# Hushpower mufflers Yeah or Nay?



## GGTTOO (Oct 6, 2005)

Have any of you tried the Hushpower mufflers from Flowmaster? I bought a car from a guy in IA and he went with straight pipes from the cat back. I like the tone and the drone is nonexistant but I do not like the excessive popping on downshifts. My local flowmaster exhaust shop recommended Hushpower mufflers just before tips. How do they compare to super 40 mufflers.


----------



## slonlo_350 (Sep 22, 2005)

I have also considered this to stop the popping. I took my mufflers off for a day to see how bad it was, and it I simply just could not stand it. Also it was a little raspy. One setup I have heard that sounds really good is the magnaflow mufflers with the universal X pipe. Maybe you'll wanna try that?
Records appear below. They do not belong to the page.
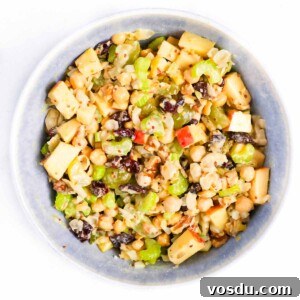 Flavorful Vegan Chickpea Salad with Lemon Herb Dressing 12 Mixed chickpea salad in a blue bowl.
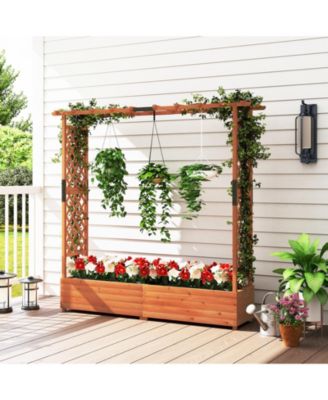 Raised Garden Bed with Arch Trellis and Hanging Roof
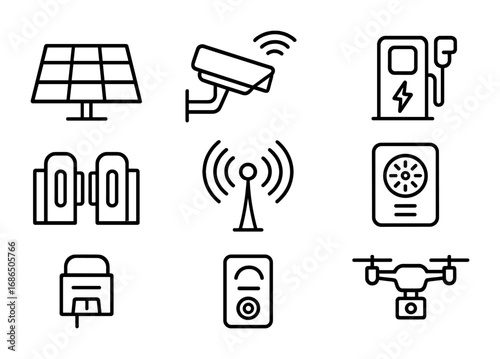 Smart City IoT Icons. Outline icon set of smart city IoT: solar panel, traffic camera, connected streetlight,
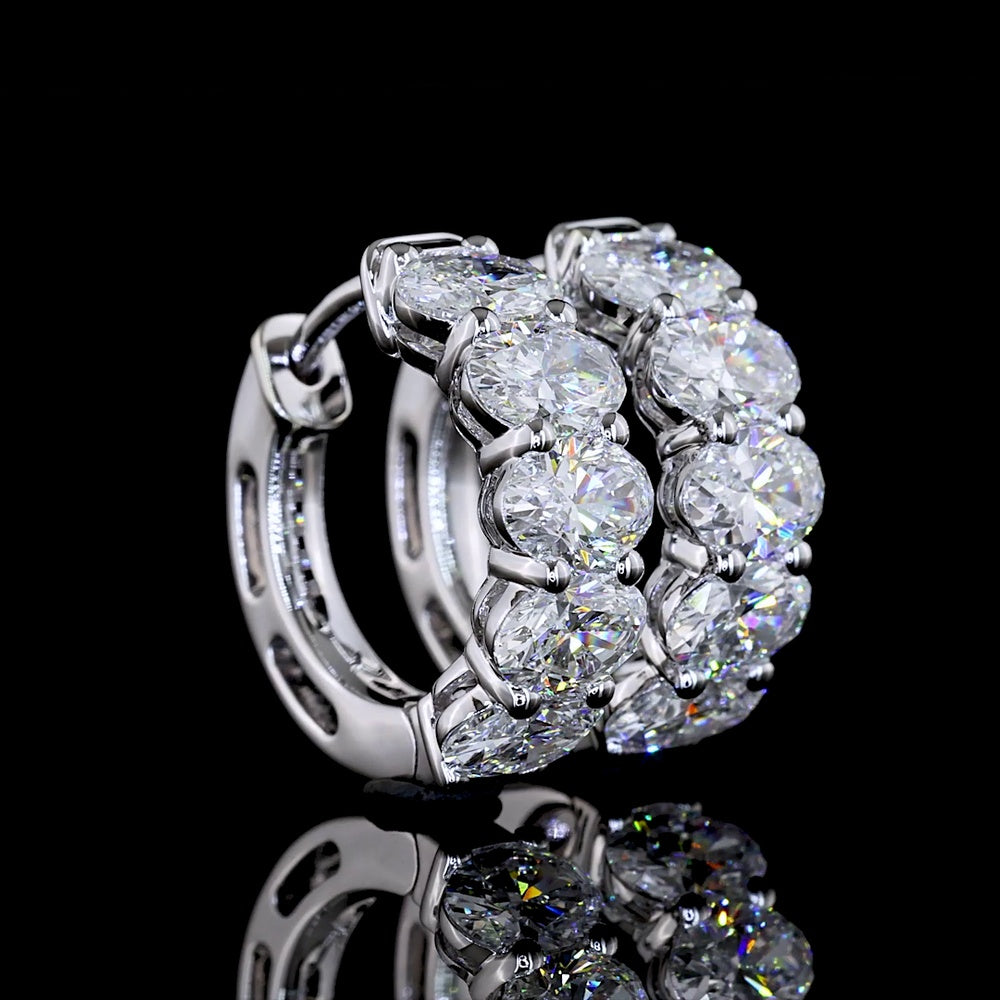14K White Gold Oval Lab Diamond Huggie Earrings with Shared Prong Setting - 2.08 Carat Total Weight, E-F Color, VS1 Clarity - Covaloro Fine Jewelry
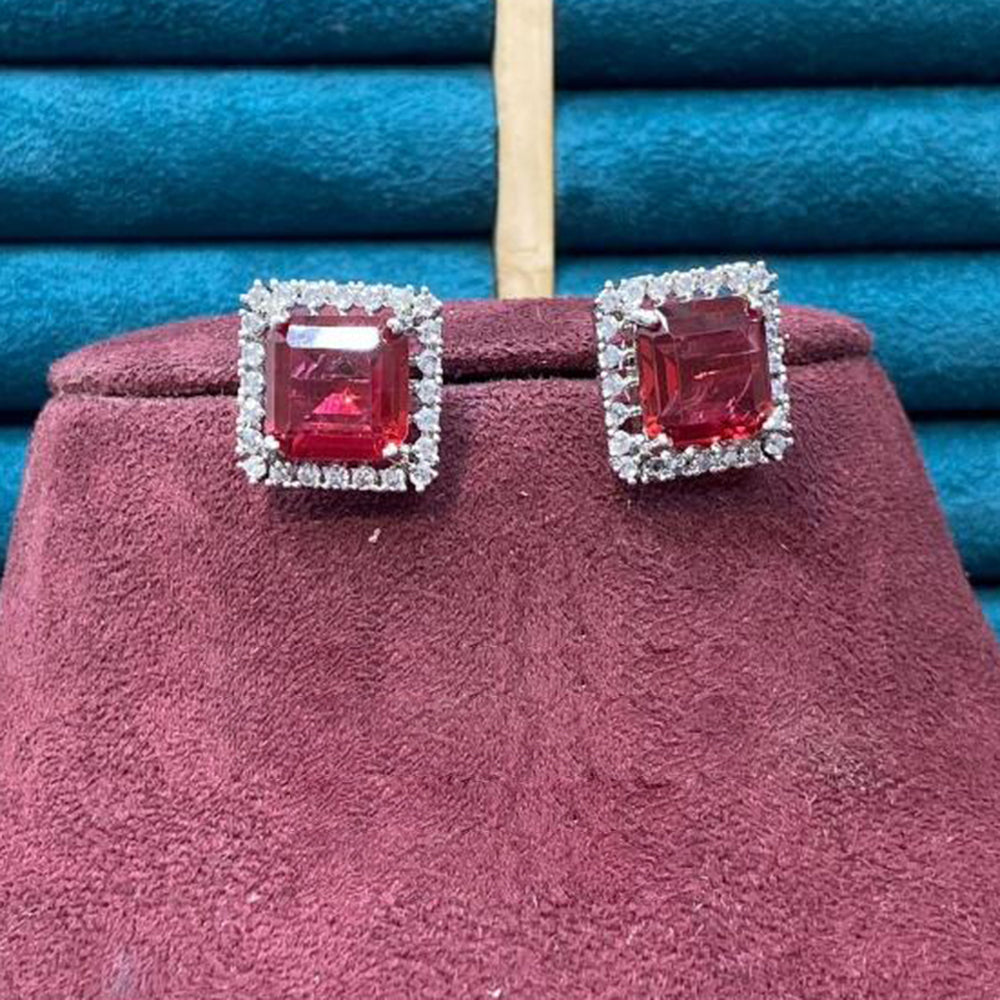 Dhiraj Sales Silver Plated American Diamond Studs Earrings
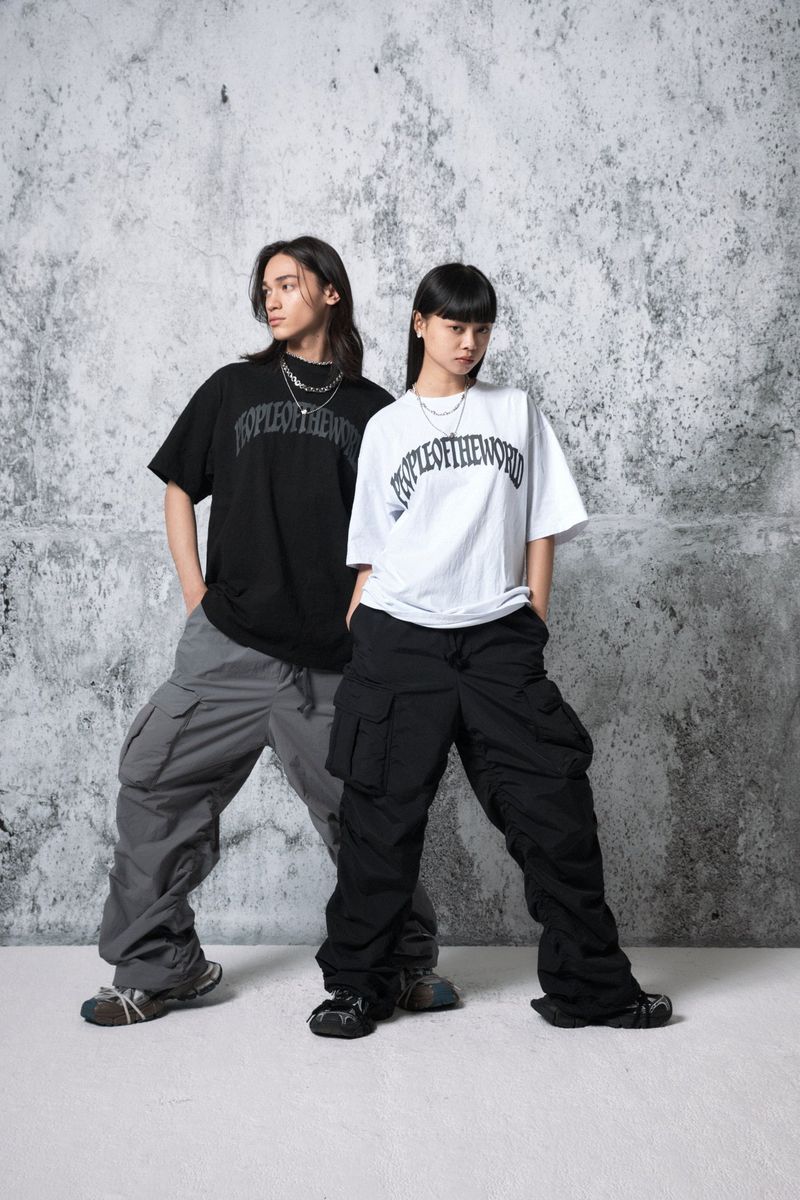 padded pocket shirring pants (GRAY)
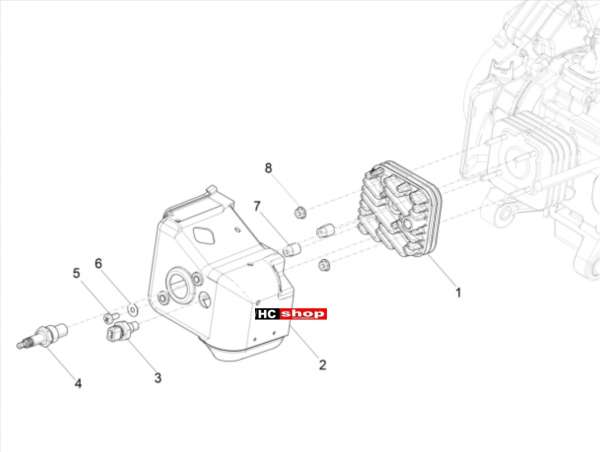Piaggio TPH 50 2T E4 - Motor Zylinderkopfabdeckung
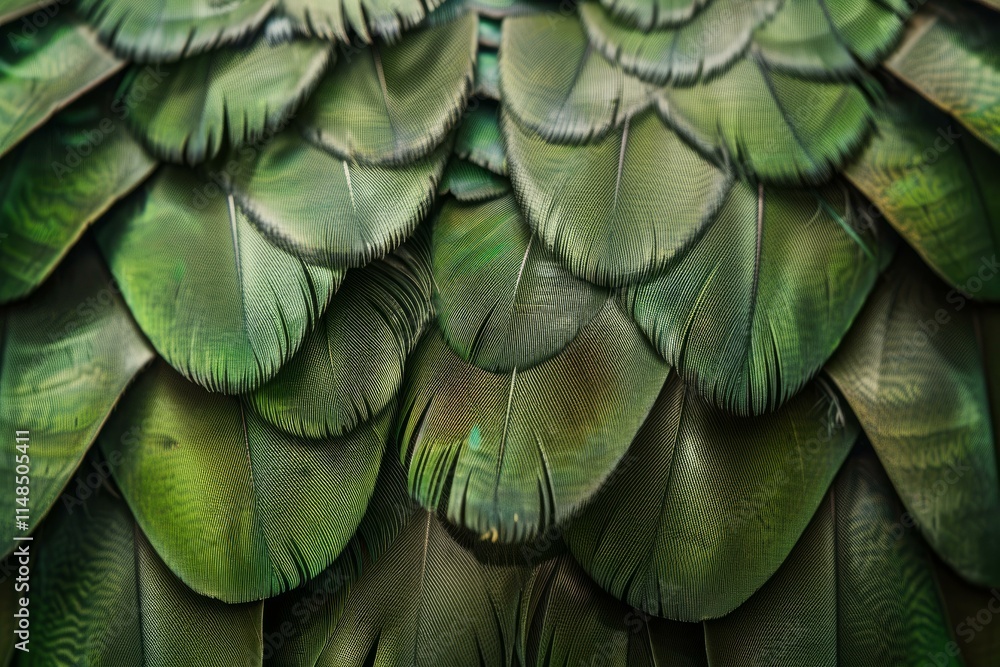 Fototapeta premium Close up of vibrant green plumage creating intricate natural pattern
A friend of mine has a Camaro with true duals, X-pipe and Flowmaster single chamber race mufflers and it sounds great!! So I can imagine the hushpower mufflers would be fine.


----------



## GGTTOO (Oct 6, 2005)

Thanks. I can actually live with the popping as I am told it is inherant with the LS1. I really woould like to get a better sound out the tailpipe at idle. The sound is great anywhere around the car except when standing at the back. The interior sound is great...the outside sound is great...under acceleration is great...it is just when you are at idle and in the rear of the car. It has too much of an airy sound. Don't really know what to do at this point.


----------



## 05 goatman (Sep 13, 2005)

get some lt's on it


----------



## GGTTOO (Oct 6, 2005)

?? :confused


----------



## marathonman (Jun 21, 2005)

I put the super 40's on my car, couldn't be more pleased! Long tubes and CAI are next! Have to wait a month or so, buying a 2nd property, so the fiancee is watching me like a hawk! LOL!


----------